■ Material for this exercise:
_____

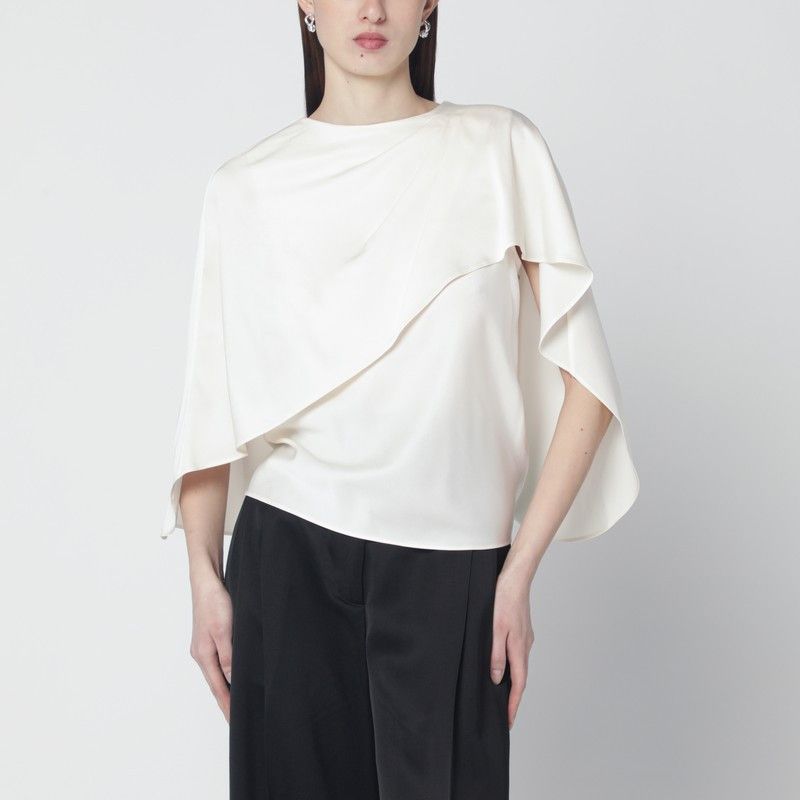 Simkhai Eliora Cream Satin Blouse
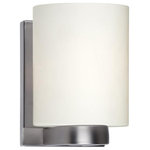 Forte - Forte 5146-01-55 Mona, 1 Light Wall Sconce, Brushed Nickel/Satin Nickel - The Mona transitional sconce comes in brushed nickMona 1 Light Wall Sc Brushed Nickel Satin *UL Approved: YES Energy Star Qualified: n/a ADA Certified: n/a  *Number of Lights: 1-*Wattage:75w Medium Base bulb(s) *Bulb Included:No *Bulb Type:Medium Base *Finish Type:Brushed Nickel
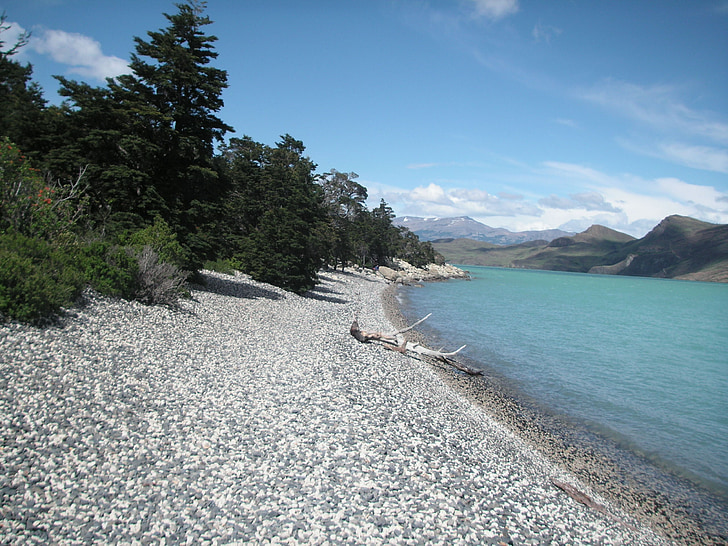 Chili, plage, lac glaciaire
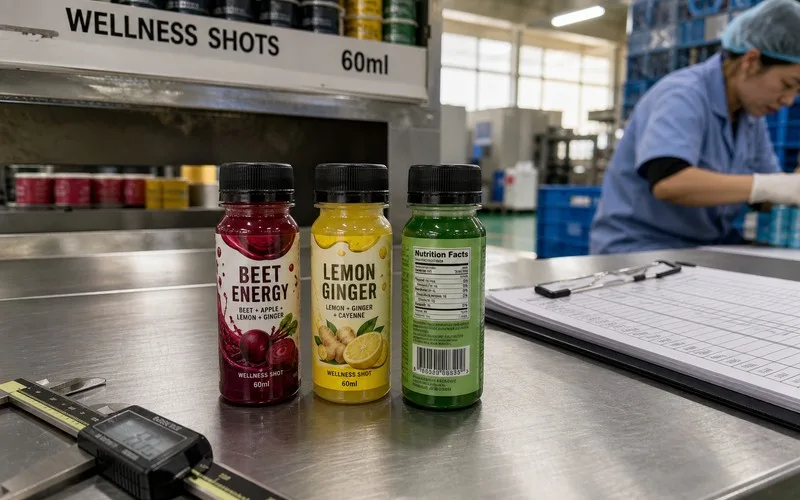 Wellness shots 25ml to 60ml small bottle label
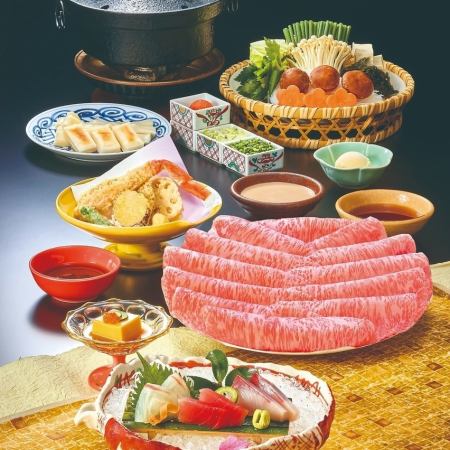 From January 10th to February 25th <<First Banquet>> Shabu-shabu Kaiseki ~Aoki~ [Specially selected marbled Wagyu beef] 8 dishes total, 8,030 yen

_____

■ What is required:
From the records above, write out exactly the lines that begin at the line with "Forte - Forte" and end at the line with "Wellness shots 25ml". Pictures must not appear in the output.

■ Reply to the task:
 Forte - Forte 5146-01-55 Mona, 1 Light Wall Sconce, Brushed Nickel/Satin Nickel - The Mona transitional sconce comes in brushed nickMona 1 Light Wall Sc Brushed Nickel Satin *UL Approved: YES Energy Star Qualified: n/a ADA Certified: n/a  *Number of Lights: 1-*Wattage:75w Medium Base bulb(s) *Bulb Included:No *Bulb Type:Medium Base *Finish Type:Brushed Nickel
 Chili, plage, lac glaciaire
 Wellness shots 25ml to 60ml small bottle label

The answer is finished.